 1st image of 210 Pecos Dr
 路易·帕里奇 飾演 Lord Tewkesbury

* * *

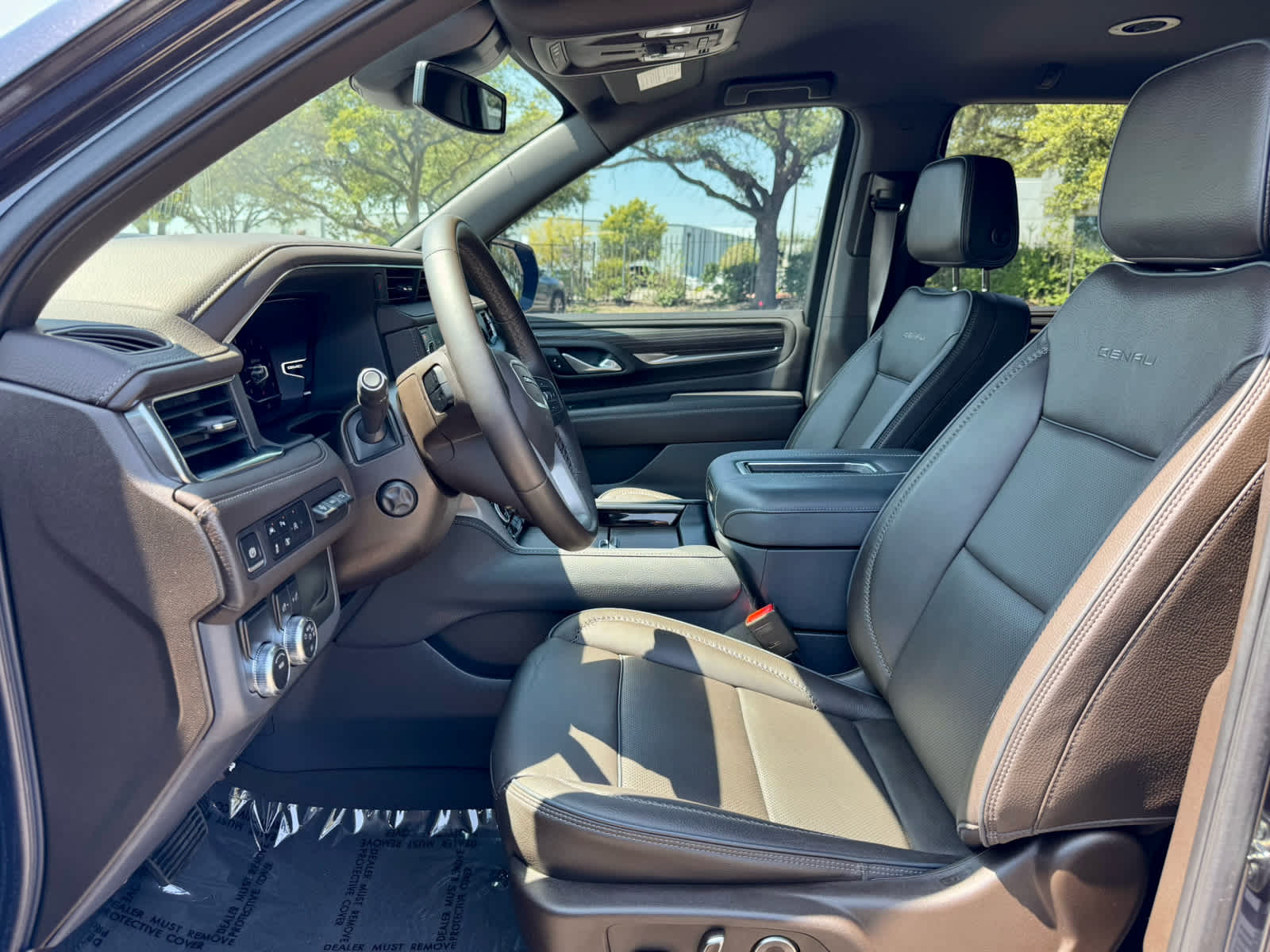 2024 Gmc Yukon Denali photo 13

▶ _PROBLEM STATEMENT_
Beginning at the line with "1st image of 210 Pecos Dr" and ending at the line with "路易·帕里奇 飾演 Lord Tewkesbury", reproduce each line of the data above exactly, and add no other lines.

▶ _YOUR SOLUTION_
 1st image of 210 Pecos Dr
 路易·帕里奇 飾演 Lord Tewkesbury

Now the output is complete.